The biggest issues that make this a lower preference for me are the slow tempi and overall interpretive approach that is just too stately. It's very beautiful, and powerful certainly, but the threat is a bit insufficient, and bit too indirect. Imagine riding in a brawny Mercedes on the German Autobahn, with a great driver, and sometimes a wide-open throttle: it's exhilarating to a point, but, really, you're quite comfortable and not in any immediate danger. It's a Karajan cliché, but apt in this case. There are moments in the fourth movement where the danger does get real, but all threats are overcome without too much trauma or sweat. The plush suspension smooths out any bumps.

Very enjoyable to hear once, but admittedly that's all.

*Esa-Pekka Salonen, Swedish Radio Symphony Orchestra
CBS Records/Sony Classical, 1986*

I rate Salonen pretty highly in general, but my guess is someday he'll want to revisit this, and I hope he does.
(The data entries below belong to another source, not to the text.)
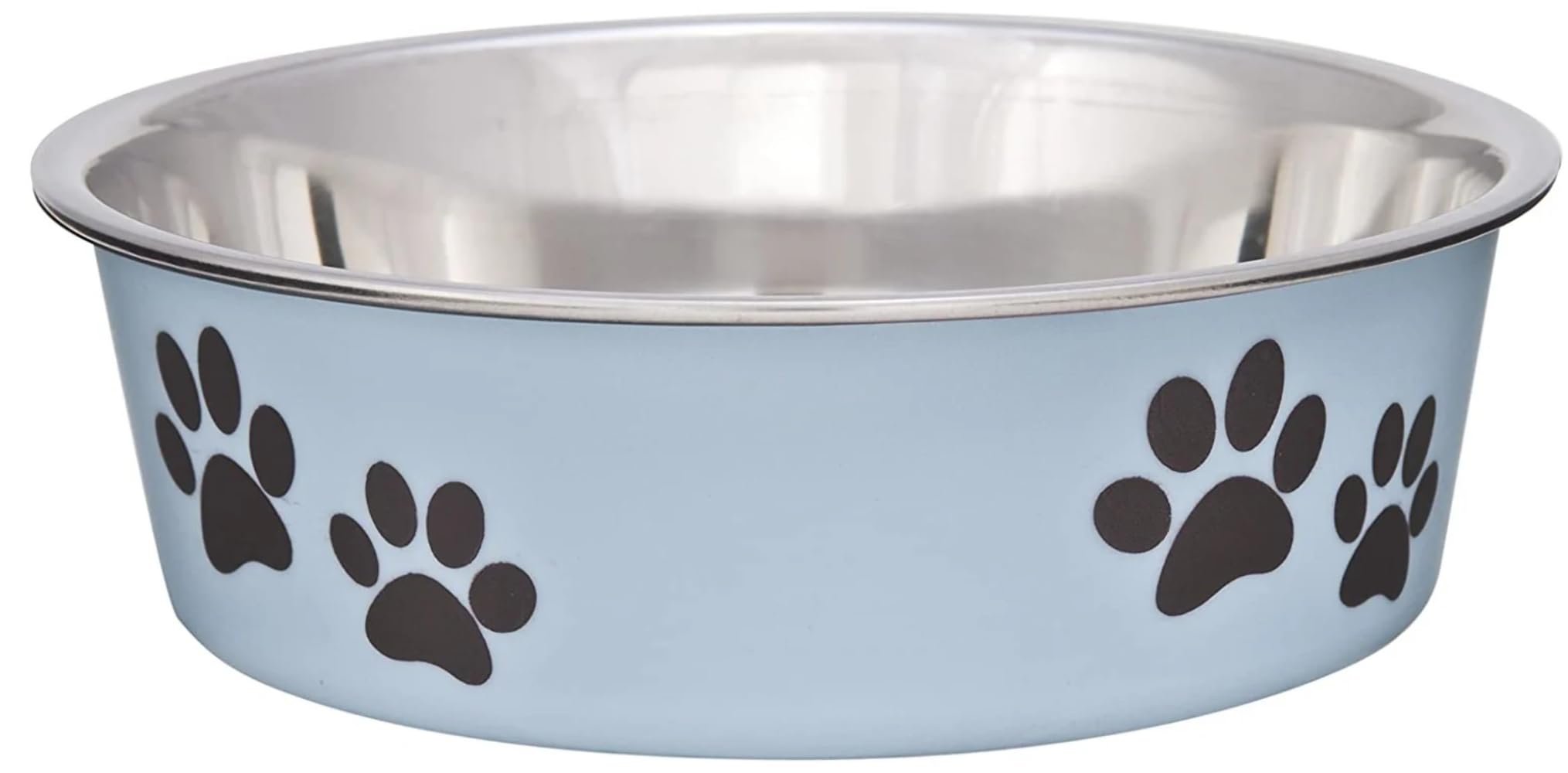 Photo 1 of Loving Pets Bella Dog Bowls- Stainless Steel Dog & Cat Bowls - Spill Proof Dog Food Bowl, Cat Bowl, Puppy Essentials & Pet Supplies Great for Home & Travel (Small 10-20 lbs, Murano Blue)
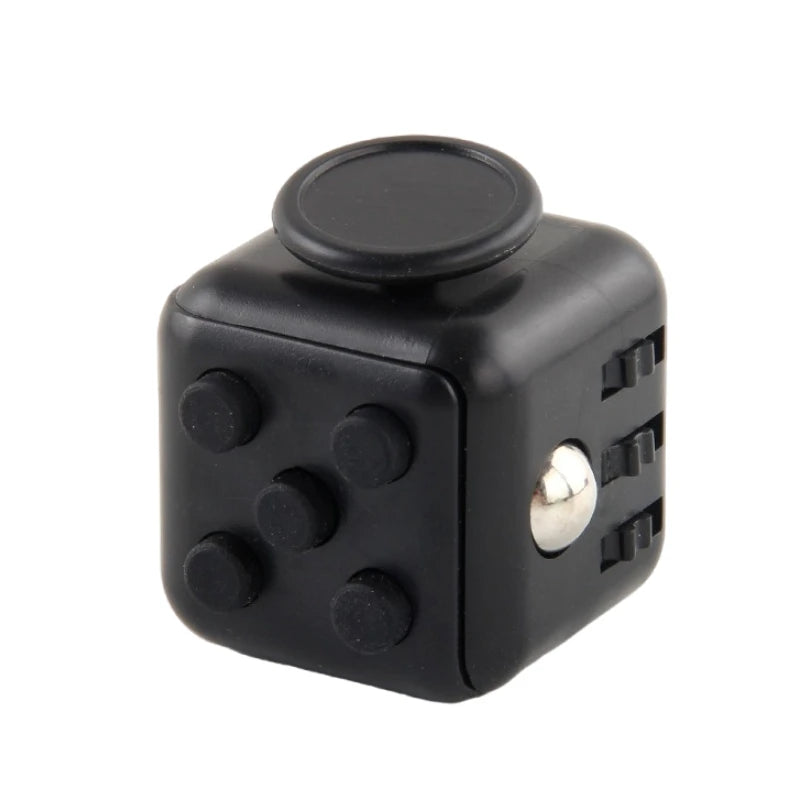 6/12 Sides Rainbow Fidget Cube | Decompression Sensory Toy for Anxiety and ADHD alternate view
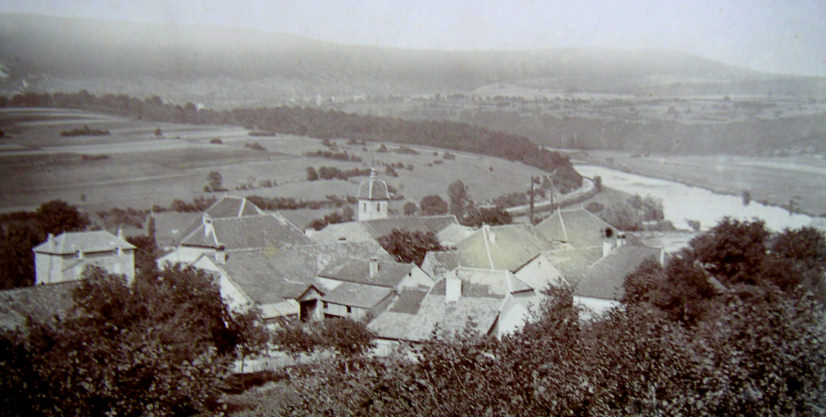 Le site de Roche-lès-Clerval en 1895, collection O. Pernot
He made this recording at 26, and considering that it's quite remarkable. There's a lot to like: much great playing albeit in a somewhat indifferent recording. However, Salonen has some pretty significant tempo management problems, losing momentum and energy for no particular purpose, and he does the massive unmarked slowdowns in the first and last movements that I don't like. The third movement comes off the best.

*Leonard Bernstein, New York Philharmonic Orchestra
CBS Records/Sony Classical, 1970*

A huge problem with Bernstein's Nielsen 4 is that it sounds like a rehearsal run-through. There are pitch problems everywhere, wrong notes galore, botched entrances, false entrances, and much general sloppiness, with one very interesting exception, for later discussion. The most egregious wrong note occurs in the first oboe in the second movement, and it's so glaring I just cannot understand why another take wasn't made. The worst of this is that so much of the playing is really tentative, as if players aren't quite sure, yet, how it all holds together.
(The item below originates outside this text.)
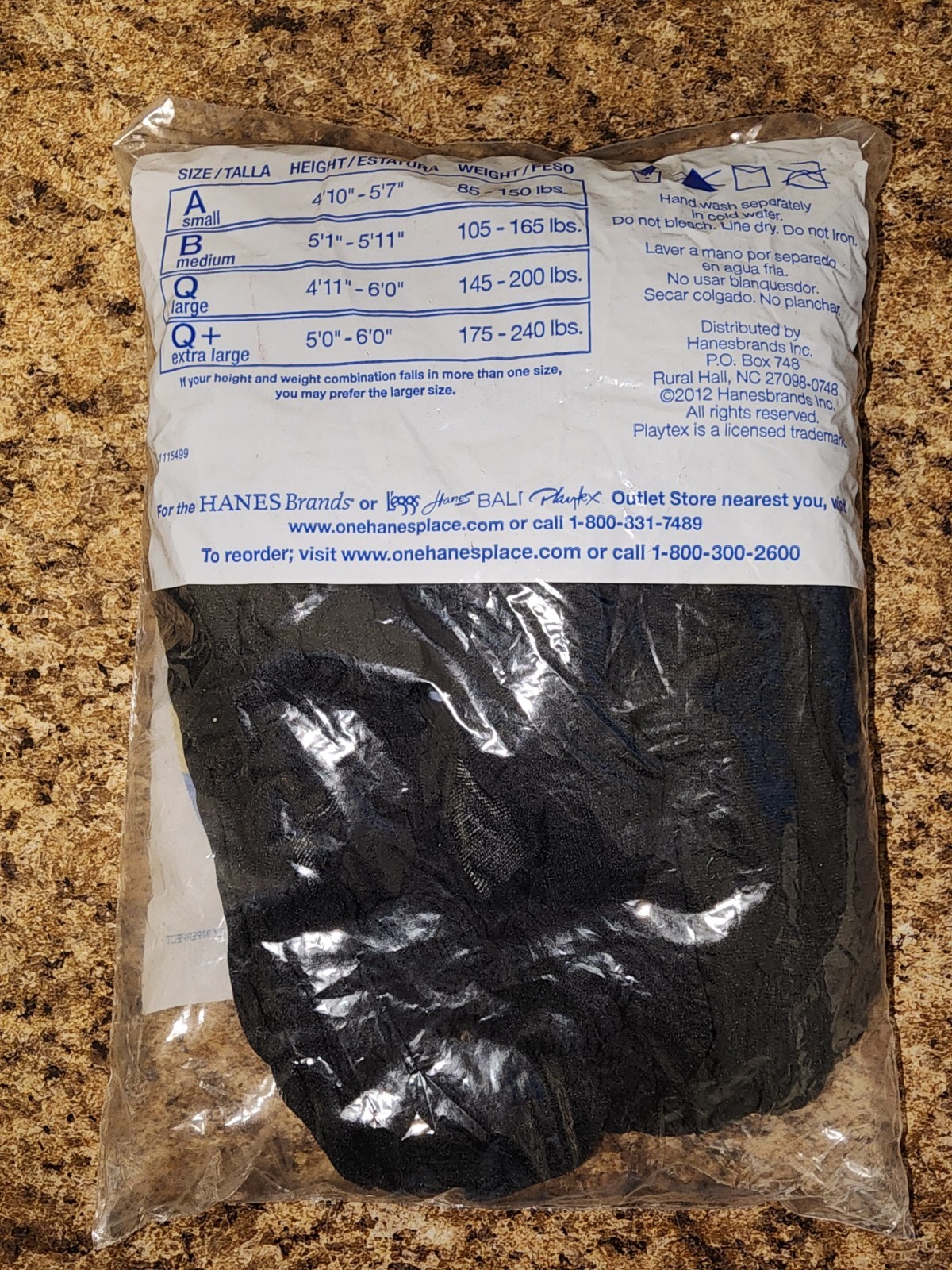 L'eggs Sheer Energy Light Support Pantyhose Control Top 4 pack Size B Jet Black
And there are severe problems with the tempo dragging. Because it always slows down, it never catches fire, and the odd phenomenon occurs-not for the first or last time with Bernstein-where a new section that is supposed to be slower ends up being faster.
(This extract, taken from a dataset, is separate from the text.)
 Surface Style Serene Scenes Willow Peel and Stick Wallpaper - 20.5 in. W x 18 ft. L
But there are some positive elements. With a few rehearsals, this might have been really good, and you can hear that. In general, the balance between instrumental choirs is excellent; Bernstein was clearly not going to let this be nothing more than a "brass, Brass, and MORE BRASS" type of performance. The last movement was clearly rehearsed the most and comes off the best in every regard, although it still slows down too much and too soon in the coda. And the timpani battle: well, the players clearly had had a sectional. They're very precise and correct, with excellent detail and in general it's very exciting, but it still sounds a little safe compared to the best performances out there.

In the end, this is another recording where I want to be able to recommend it, but I can't. It's just way too undercooked.


----------



## Merl

Meanwhile, on the other side of the pond......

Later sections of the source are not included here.